The Watershed Conservation Group will take delivery of the completed hull and pilot house with engine and drive train. Other than storage compartment hatches installed by FairMetal, the customer will complete outfitting the boat including portholes, galley, bunks, special-ordered composting toilet for the head, and other amenities.
This boat alone required Mooney and his other weld operator, Edgar Boettcher, to fabricate over 3,500 pounds of 5086-H116 1/8-inch to ½-inch plate. The hull is computer designed to create pleasing curves when the plates are pulled around the minimal frame. The hull is primarily constructed of ¼-inch and 3/16-inch plate. FairMetal’s design philosophy is to utilize thick plate to minimize framing structure and therefore reduce labor. In doing so, this process requires hundreds upon hundreds of feet of fillet welds with all seams being welded inside and out.
FairMetal is using 3/64-inch aluminum MIG wire with argon shielding gas. The use of thicker material adds durability. From a welding standpoint, it allows Mooney to use larger diameter wire, and put down larger welds. The larger diameter wire is also less expensive. In Mooney's opinion, thicker material and larger welds will lead to greater weld integrity.

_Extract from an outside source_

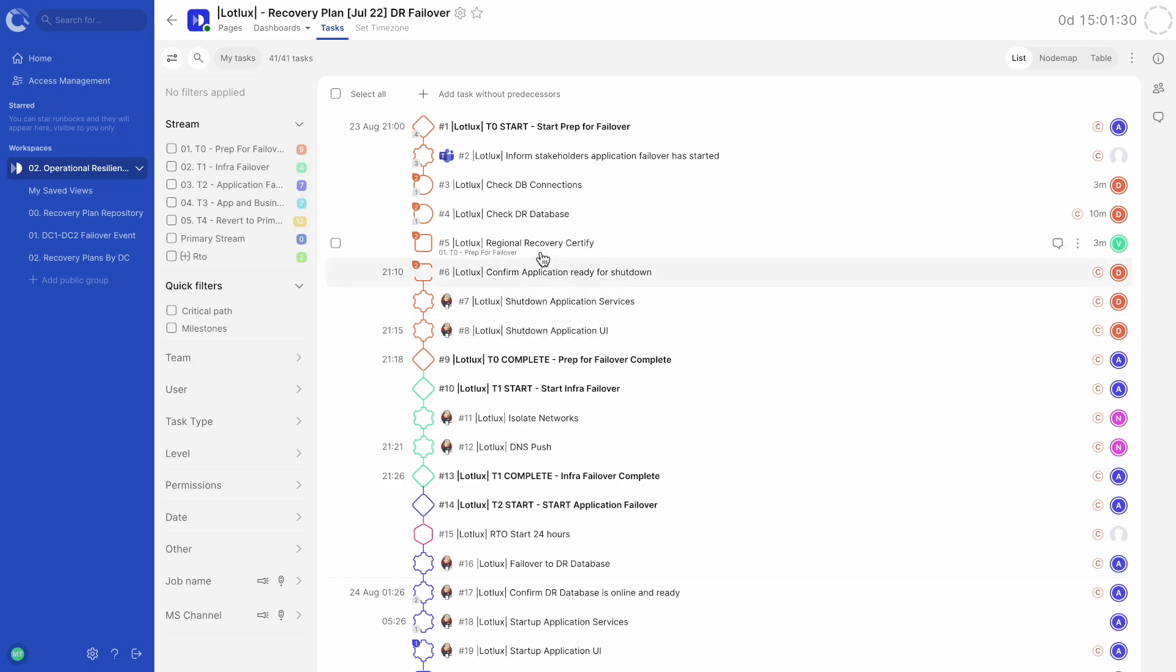On the left of the task list, we have the filter bar, which behaves in a similar way to the filter bar in the workspace view. The menu on the right hand side of the screen shows the configuration options for this runbook.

Another advantage to using push-pull feeding is that FairMetal can purchase 16-pound spools instead of 1-pound spools used on spool guns, for a significant cost savings in consumable expenses on a per pound basis – and saving change-out time. With the tug nearly complete, FairMetal has used six, 16-pound spools of wire.

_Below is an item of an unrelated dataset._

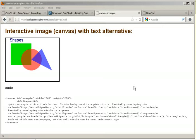Interactive image canvas with text alternative: Shapes — a rectangle with a black border. In the background is a pink circle. Partially overlaying the circle is a green square and a purple triangle, both of which are semi-opaque, so the full circle can be seen underneath.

The push-pull system allows him to have a 50-foot gun cable, a preference in FairMetal’s boat construction. This allows the power source to remain stationary, conveniently and safely out of the way of the construction area.
“The Power MIG 300 and the Python gun on the 50-foot feed have run consistently great,” Mooney said. “Because aluminum does build up internal residue in the conduit, we knew we’d have to clean out the conduit after each spool. We developed a quick method of cleaning by blowing a solvent cleaner down the liner a few times between each spool, which keeps the gun running smoothly.”
Mooney has had other metal boat welders visit his facility and observe FairMetal’s welding operations. Their comments have been that there is substantially less rework on this FairMetal aluminum boat project compared to other metal boat building operations they have experienced.
Currently, Mooney and Boettcher are beginning work on a 32-foot trawler that they plan to market to the public.